ABOUT THIS TASK: Without including any pictures, write out the listing below exactly.

DATA SEGMENT:
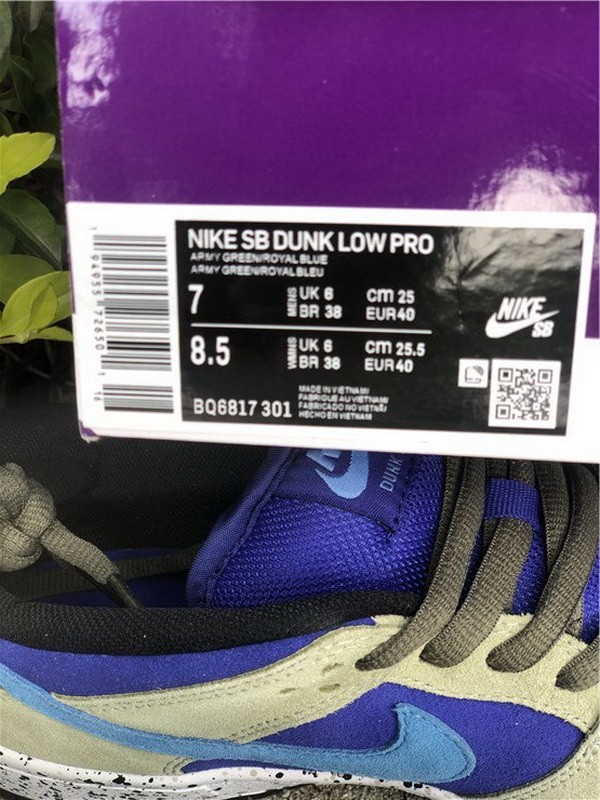 Authentic Nike SB Dunk Low “Celadon”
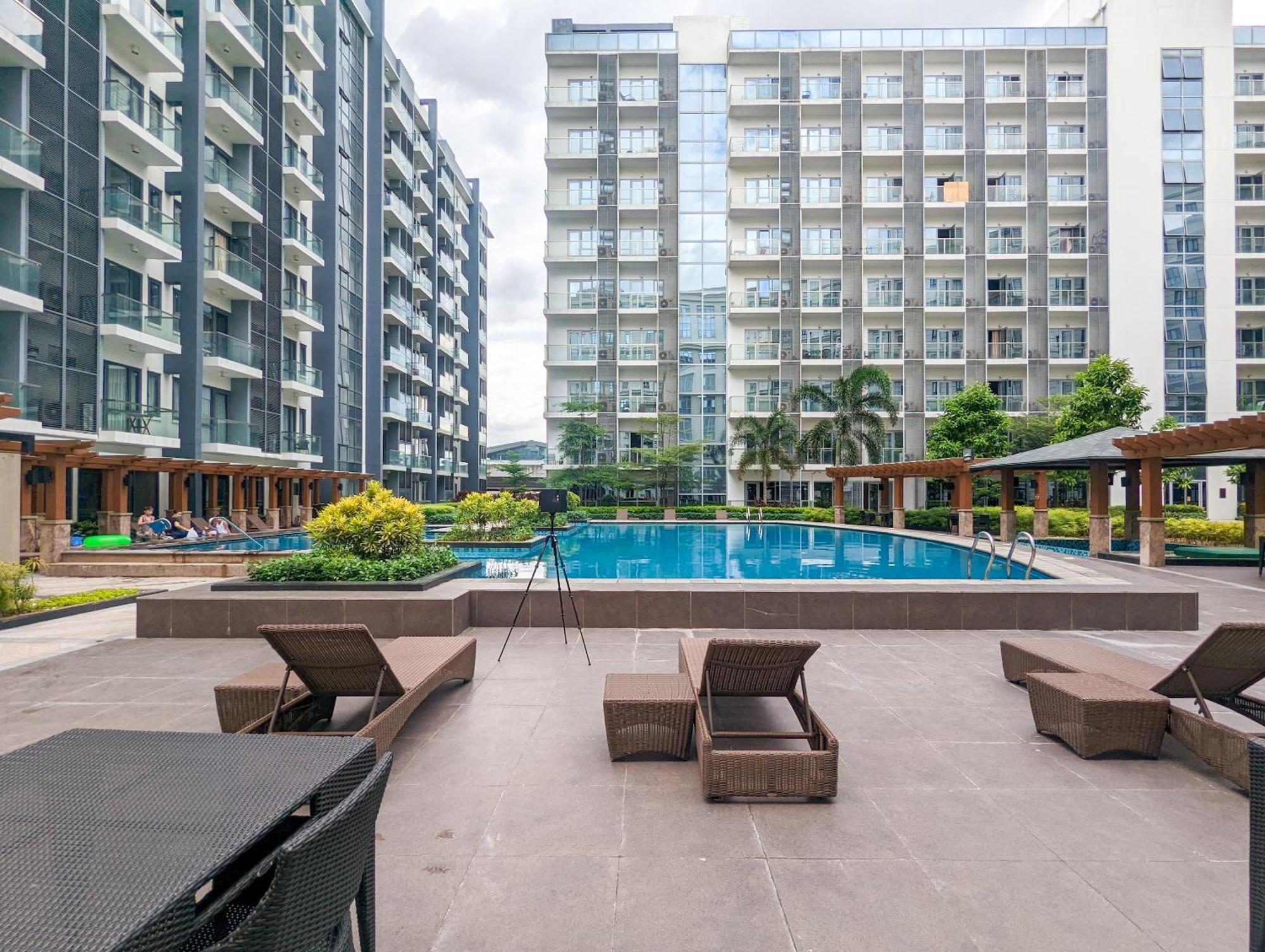 Studio Condo Naia Airport Terminal 3 Newport City Casino マニラ市 エクステリア 写真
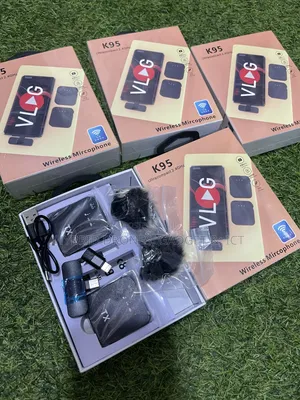Vlog Wireless Microphone for iPhone/Android 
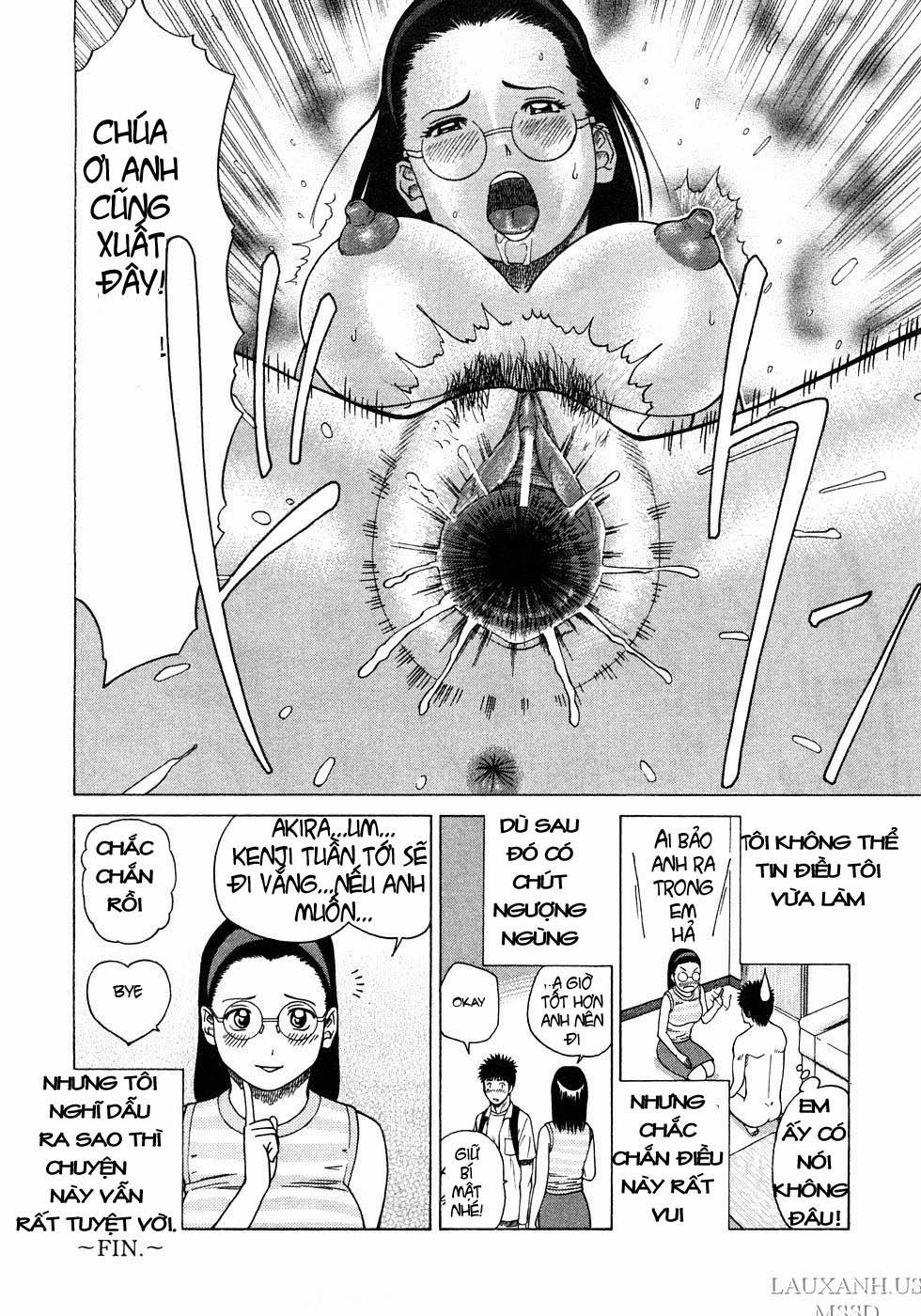 Lucky Peep Oneshot trang 15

OUTPUT BELOW:
 Authentic Nike SB Dunk Low “Celadon”
 Studio Condo Naia Airport Terminal 3 Newport City Casino マニラ市 エクステリア 写真
Vlog Wireless Microphone for iPhone/Android 
 Lucky Peep Oneshot trang 15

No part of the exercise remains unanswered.